Like many ancient works, the Dao De Jing has been viewed as more unified than may in fact be the case. Many contemporary scholars believe the work to be a kind of anthology of sayings, perhaps from various schools of thought. The connections among the chapters, and sometimes between individual lines, are certainly not always evident. Some general themes, however, can be discerned in the work as a whole, including the importance of wu wei, “not acting” or acting in accordance with the dao rather than forcing one’s will, and in general the complementarity of opposites. Whether these themes are thought to be the foundation of Daoist sensibility, or merely an influential later expression of it, depends in large part on what dates are assigned to the work.

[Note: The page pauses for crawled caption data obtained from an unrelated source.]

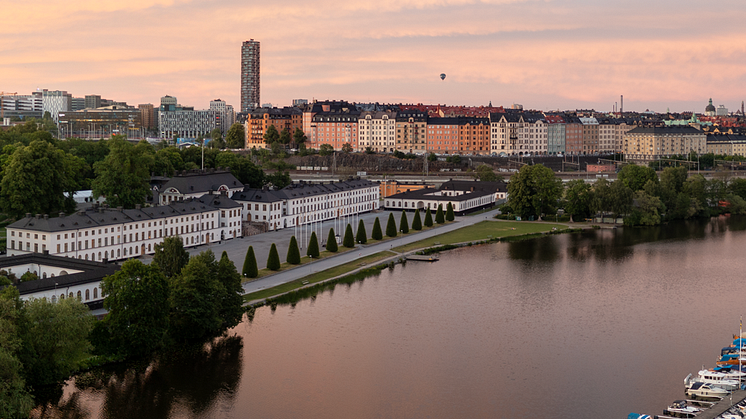 Utsikten över Karlbergssjön, Karlbergs slott och Vasastaden sett från de planerade bostäderna i Etapp 1.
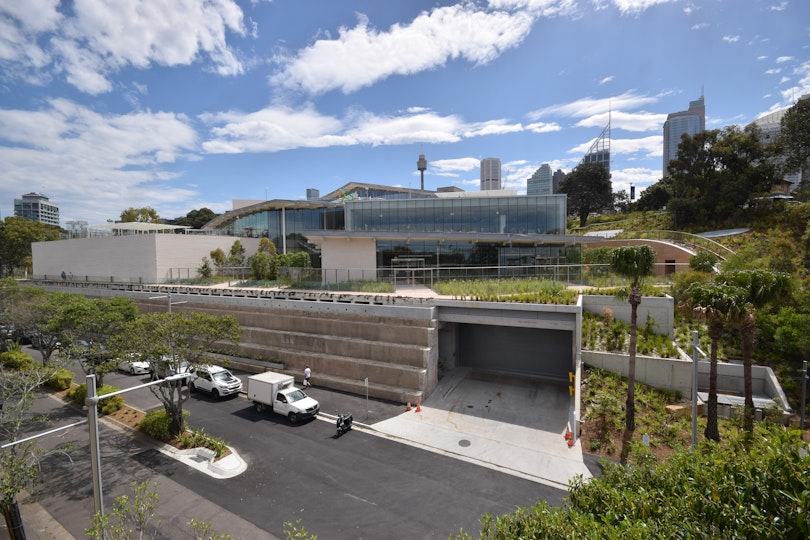 Photo of the new building looking west © Art Gallery of New South Wales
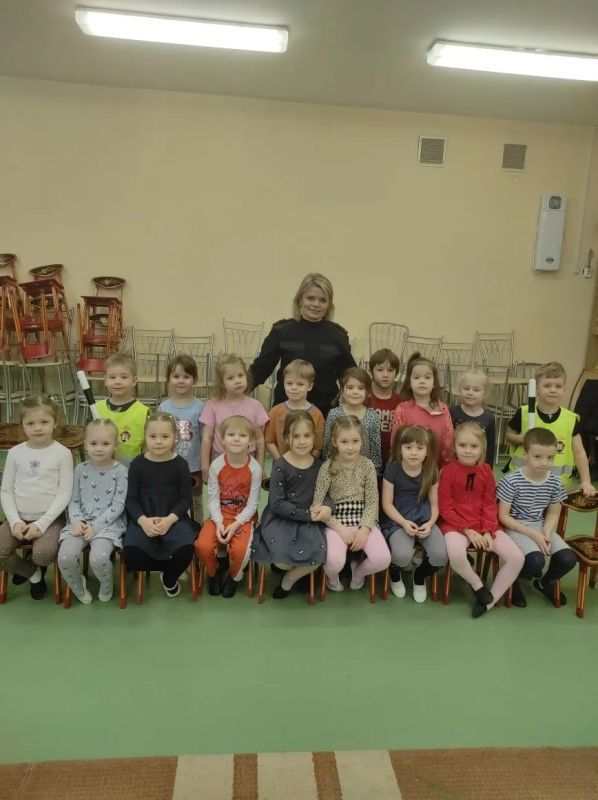 Проведено занятие по Правилам дорожного движения с воспитанниками детского сада «Лесная сказка»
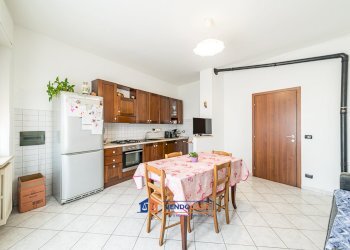 Three-room apartment Cavallermaggiore - photo 4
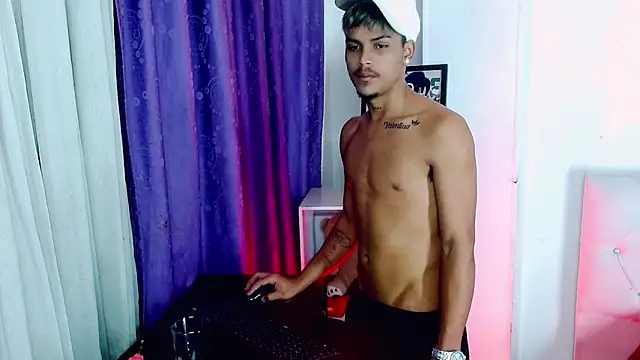 Angel_foxc13 webcam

According to tradition, Laozi (the Old Master) was an older contemporary of Confucius (Kongfuzi, K’ung-Fu-Tzu; 551-479 b.c.e.). This would place the Dao De Jing in the late sixth or early fifth century b.c.e. Confucius is said to have met Laozi, and this notion might seem to be confirmed by the important Daoist text Zhuangzi (c. 300 b.c.e.; The Divine Classic of Nan-hua, 1881; also known as The Complete Works of Chuang Tzu, 1968; commonly known as Zhuangzi, 1991), and also attested to by the biographical entry in the Shiji (first century b.c.e.; Records of the Grand Historian, 1960) of Sima Qian. The latter identifies Laozi as the author of “a work in two books, setting out the meaning of the way and virtue in some five thousand characters,” which he is said to have written as he was leaving for the west, at the request of a gatekeeper.

Modern critics have cast doubt on all the details of this simple picture. The biography in question is late and plainly not authoritative, mixing together ill-assorted claims. The material in the Zhuangzi is equivocal, admitting of adulteration. If Laozi lived so early and wrote the Dao De Jing, as the traditional story claims, historians ask why his views are not mentioned by a philosopher such as Mencius (Mengzi, Meng Tzu, 372-289 b.c.e.), who was so concerned to reply to the critics of Confucianism.

Some scholars have doubted whether Laozi ever existed at all. Even if he did, others have questioned whether his name should really be associated with the compilation of the Dao De Jing, which many scholars now date to the beginning of perhaps the mid-fourth or third century b.c.e. A popular date among revisionist scholars has been 250 b.c.e., though more recent arguments (for example, on the basis of comparative poetics) have suggested that 350 b.c.e. might be a likelier date—the partial text found at Guodian in 1993 has been thought to date from about 300 b.c.e. A few scholars, however, have continued to defend dates closer to the earlier, traditional dating of the text.

Significance

In his much-admired 1963 translation and commentary, The Way of Lao Tzu, Wing-tsit Chan suggested that “no one can understand China or be an intelligent citizen of the world without some knowledge of the Lao Tzu.” Since its creation, the Dao De Jing has exerted a pervasive influence on two dozen centuries of Chinese culture, as well as on the many other cultures within the Chinese sphere of influence in Southeast Asia. During the Tang Dynasty (T’ang; 618-907 c.e.), Daoism was particularly influential, with emperors patronizing the philosophy and the deified Laozi taken as the dynasty’s original ancestor.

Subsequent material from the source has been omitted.